§ Problem: Both ends included, set down the lines from the line containing "陰キャラブコメ　ピクリエ用　推し色サークルスペース画像（透過） 5色20種" through the last line of the records below, without pictures.

§ Available records:
---
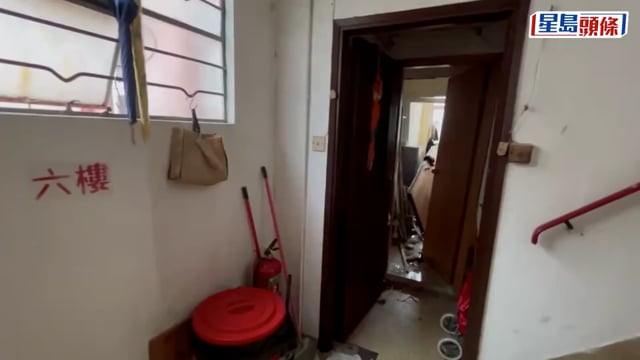 大埔熱水爐爆炸｜涉事單位曝光損毀嚴重 門框窗花變形 牆身現裂痕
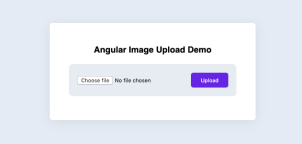 Angular 8 File Upload Demo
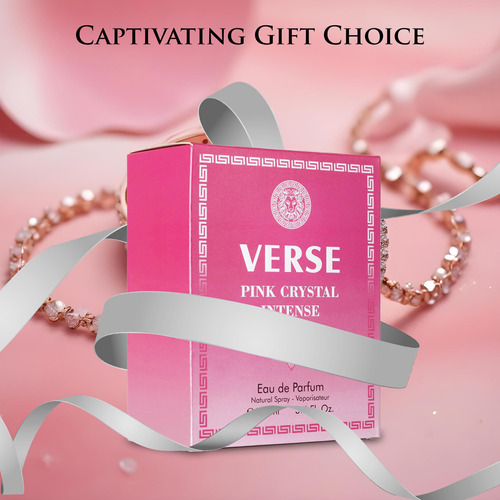 Perfume Novoglow Verse Pink Crystal Intense 100ml Para Mulhe - Imagem 7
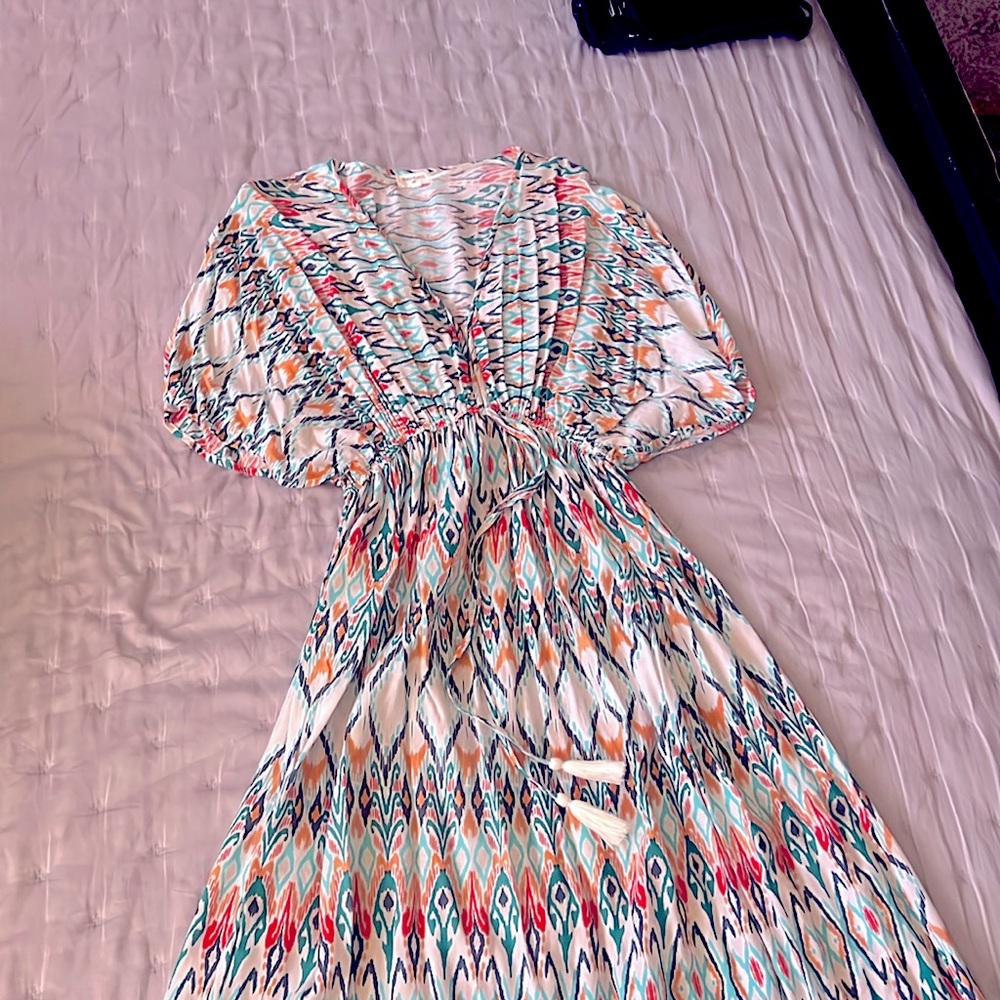 Bohemian Multicolor Maxi Dress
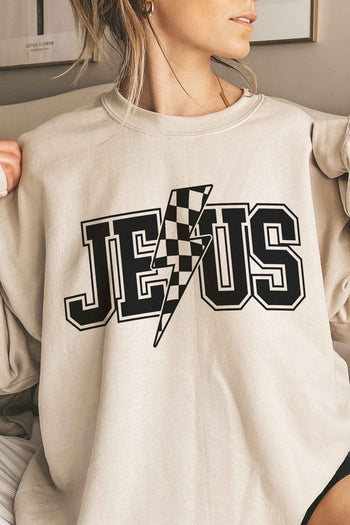 JESUS LIGHTNING OVERSIZED SWEATSHIRT ALPHIA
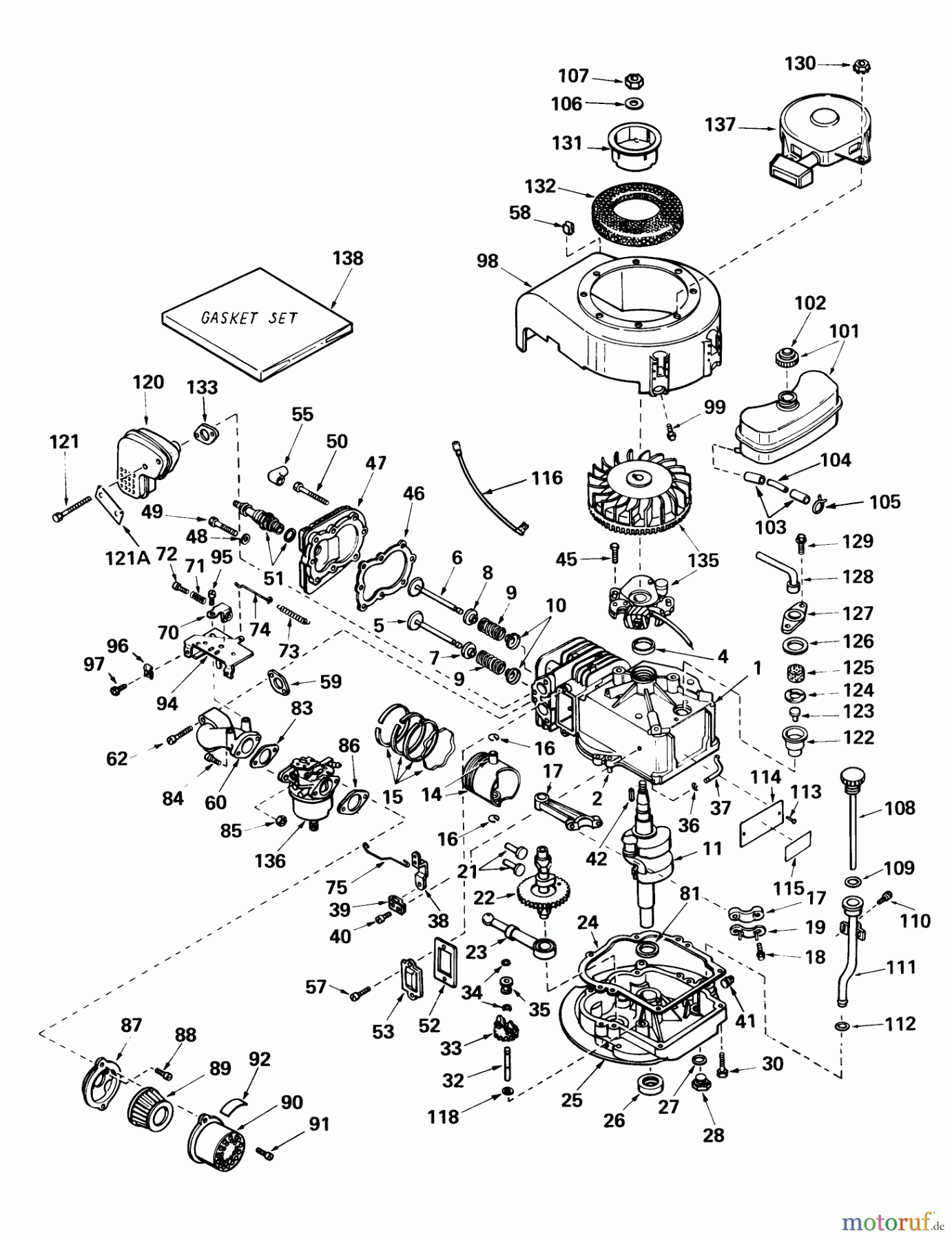 Toro Neu Mowers, Rear-Engine Rider 56022 - Toro 25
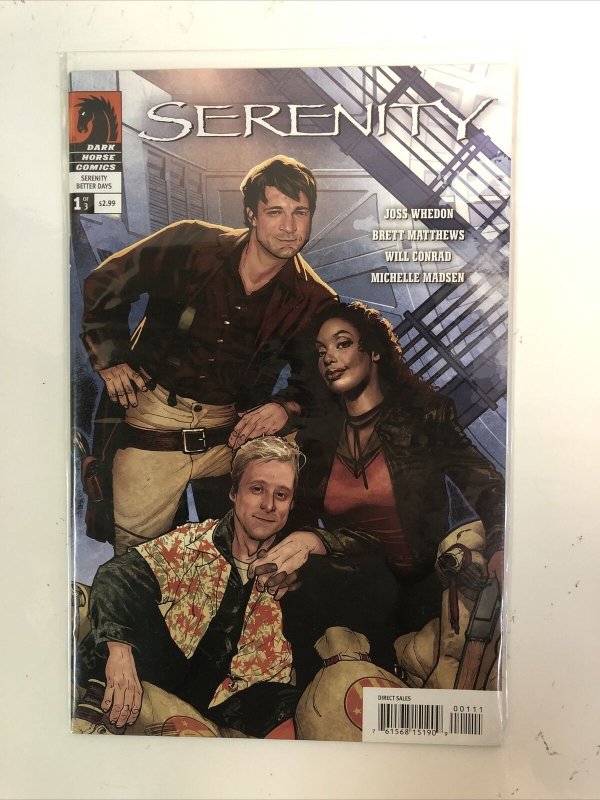 Serenity: Better Days (2008) Complete Set # 1-2-3 (VF/NM) Dark Horse Comics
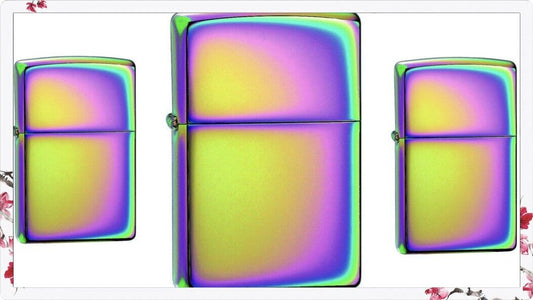 3 Pcs Rainbow Spectrum Model Unbranded Windproof Oil Lighter Unisex Gift For All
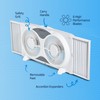 Nexair 9" Twin Window fan with Remote Control, 3 Speed
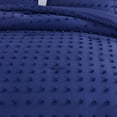 thumbnail image 4 of JML Tufted Design Jacquard Comforter Set Navy Queen 3 Piece, 4 of 5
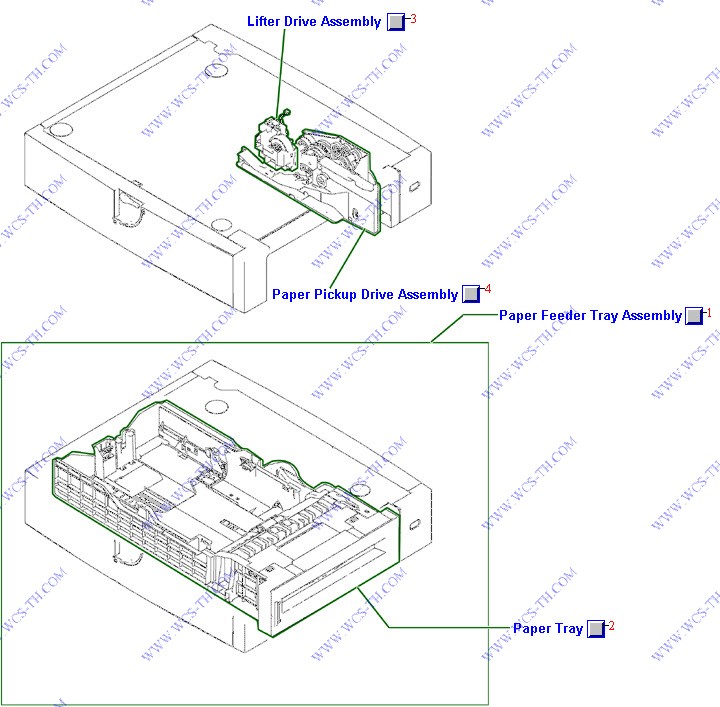 HP Color LaserJet 4700 500-Sheet Paper Feeder Assembly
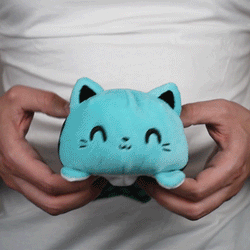 TeeTurtle Reversible Mercat: Aqua/White (Mini) (ONLINE ORDER ONLY)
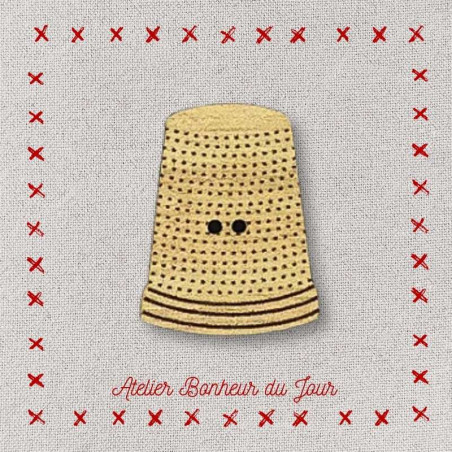 Decorative wooden button "Thimble" Atelier bonheur du jour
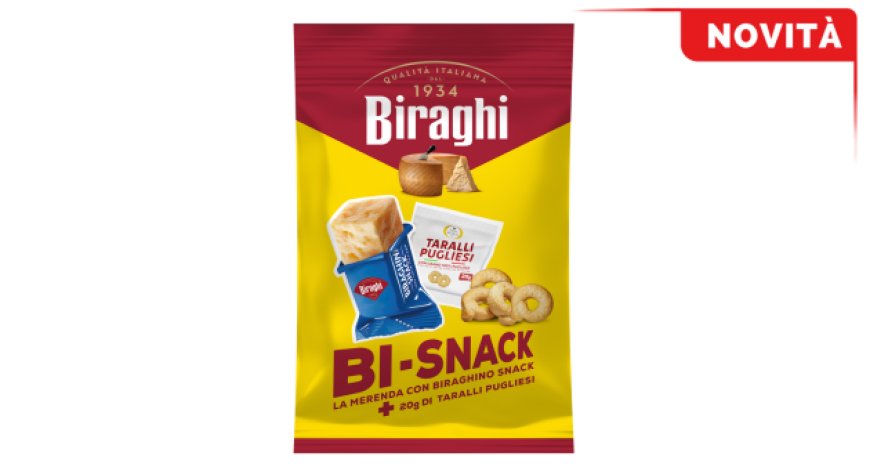 Bi-Snack Biraghi: la nuova merenda salutare e ricca di energia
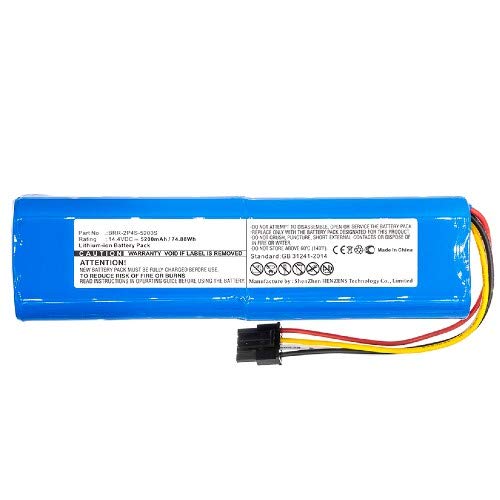 Synergy Digital 5200mAh 14.4V Li-ion Replacement Battery for Xiaomi Roborock S51 Vacuum Cleaner - Compatible with BRR-2P4S-5200S Model - Ultra High Capacity Battery for Home Cleaning & Pet Hair Removal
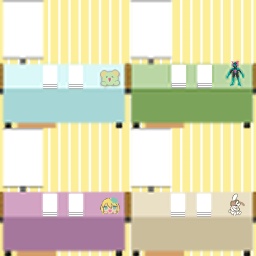 陰キャラブコメ　ピクリエ用　推し色サークルスペース画像（透過） 5色20種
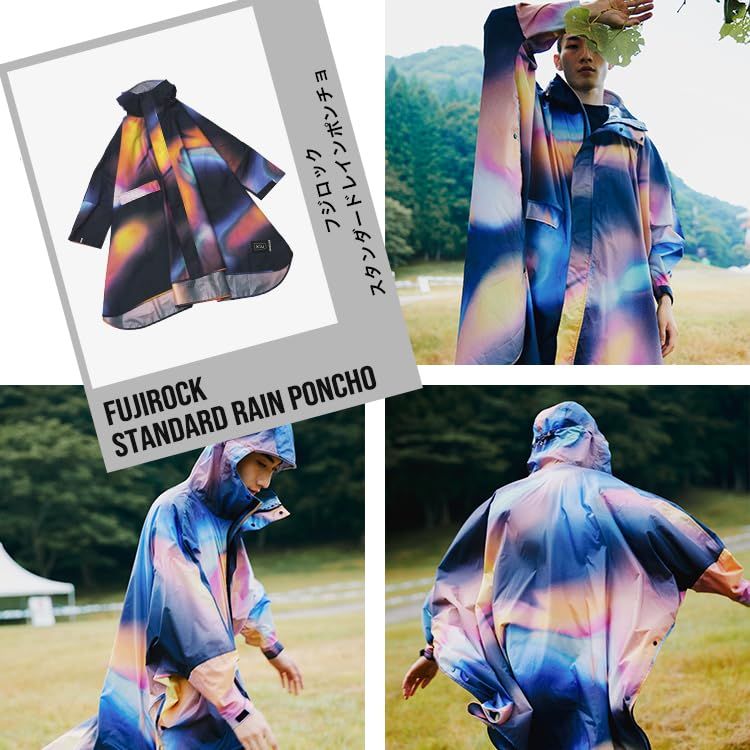 【FUJI ROCK FESTIVAL‘26 × KiU】スタンダードレインポンチョ STANDARD RAIN PONCHO KiU キウ フジロック 防水 耐水 レインコート スリーブポンチョ FUJIROCK フェス コラボ おしゃれ a6032e72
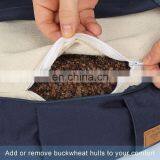 Round Zippered Organic Cotton Zafu Meditation Cushion Zabuton Meditation Pillow Yoga Bolster/Pillow Floor Seat Natural Buckwheat thumbnail-5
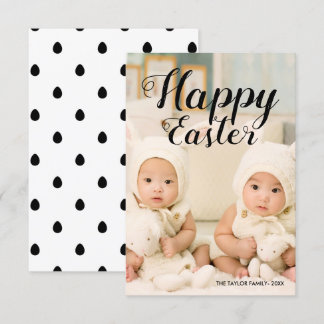Convite Texto de Felz pascoa de Cute Moderno Elegante | Fo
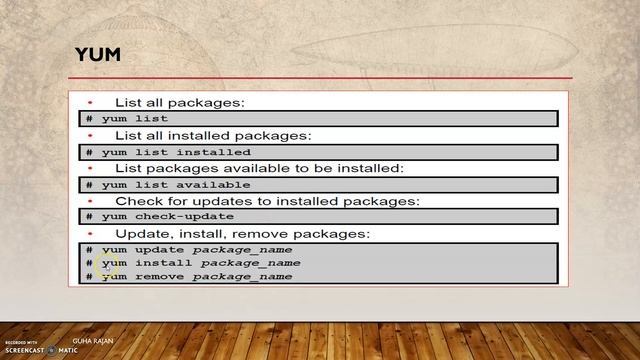 YUM vs RPM - Package utility смотреть онлайн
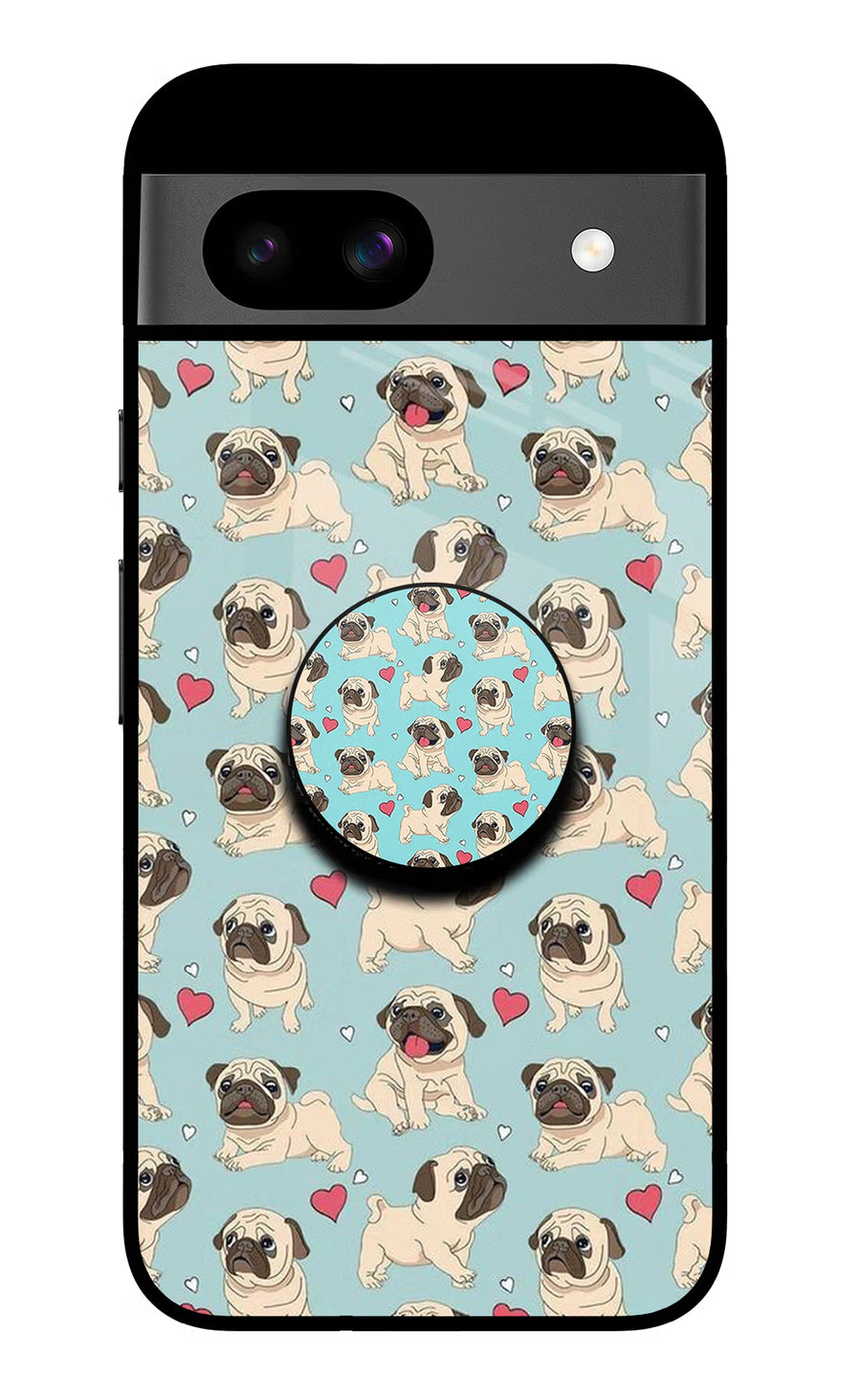 Pug Dog Google Pixel 8A Pop Case, Glass case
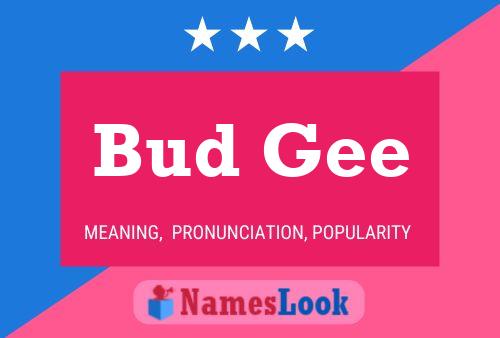 Bud Gee Name Poster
---
§ Exercise result:
 陰キャラブコメ　ピクリエ用　推し色サークルスペース画像（透過） 5色20種
 【FUJI ROCK FESTIVAL‘26 × KiU】スタンダードレインポンチョ STANDARD RAIN PONCHO KiU キウ フジロック 防水 耐水 レインコート スリーブポンチョ FUJIROCK フェス コラボ おしゃれ a6032e72
 Round Zippered Organic Cotton Zafu Meditation Cushion Zabuton Meditation Pillow Yoga Bolster/Pillow Floor Seat Natural Buckwheat thumbnail-5
Convite Texto de Felz pascoa de Cute Moderno Elegante | Fo
 YUM vs RPM - Package utility смотреть онлайн
 Pug Dog Google Pixel 8A Pop Case, Glass case
 Bud Gee Name Poster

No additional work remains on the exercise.